Articles additionnels après l'article 10 quinquies

M. le président. L'amendement n° 185, présenté par M. P. Dominati, est ainsi libellé :

Après l'article 10 quinquies, insérer un article additionnel ainsi rédigé :

Le 1 de l'annexe au code de la consommation prévue au troisième alinéa de l'article L. 132-1 est complété par un alinéa ainsi rédigé :

« ...) de permettre à une banque ou un établissement financier ne pas inclure un délai maximum d'un mois pour rendre effective la dénonciation opérée par l'un des cotitulaires d'un compte collectif par lettre recommandée avec accusé de réception.  À l'issue de ce délai, le compte collectif doit être obligatoirement bloqué par la banque ou l'établissement financier. »

La parole est à M. Philippe Dominati.

M. Philippe Dominati. À l'heure actuelle, près de deux millions de Français sont exclus du système bancaire du fait d'un incident de paiement.

Notre système prévoit que plusieurs personnes peuvent détenir un compte dit collectif. Un compte collectif peut être ouvert par une association ou - c'est le cas le plus fréquent -par un ménage. Il s'agit alors d'un compte joint.

Lorsqu'un ménage connaît des problèmes - je rappelle qu'un tiers des mariages se termine par un divorce -, le compte joint se trouve alors en difficulté.

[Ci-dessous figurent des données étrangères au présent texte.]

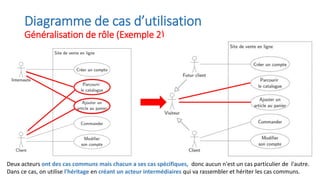 Diagramme de cas d’utilisation
Généralisation de rôle (Exemple 2)
Deux acteurs ont des cas communs mais chacun a ses cas spécifiques, donc aucun n'est un cas particulier de l'autre.
Dans ce cas, on utilise l'héritage en créant un acteur intermédiaires qui va rassembler et hériter les cas communs.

La banque considère que sa responsabilité ne peut pas être dégagée sans que les deux cotitulaires d'un compte collectif consentent à clôturer le compte.

Or, il arrive que l'un de ces consentements n'arrive jamais. Pendant des semaines, voire des mois, l'un des cotitulaires peut alors provoquer un incident de paiement. L'autre cotitulaire, l'époux ou l'épouse, a alors deux solutions : soit il admet l'incident de paiement et devient interdit de chéquier et de carte de crédit, parfois pendant des années, même s'il est par ailleurs tout à fait solvable ; soit il comble le découvert jusqu'à ce que la procédure de divorce aboutisse, ce qui prend souvent plusieurs mois. Ce cotitulaire devient l'otage du système bancaire.

Or, on pourrait mettre fin à cette situation en adoptant la disposition prévue par l'amendement n° 185. Lorsqu'une personne dénonce la convention de compte collectif par lettre recommandée avec accusé de réception, la banque disposerait d'un délai d'un mois pour prévenir obligatoirement le cotitulaire que le compte est bloqué.

Sans une telle disposition, des Français continueront à connaître des incidents de paiement et à être exclus du système bancaire.

M. le président. Quel est l'avis de la commission ?

M. Gérard Cornu, rapporteur. Il est difficile de donner un avis sur un amendement qui vise à remédier à un véritable problème.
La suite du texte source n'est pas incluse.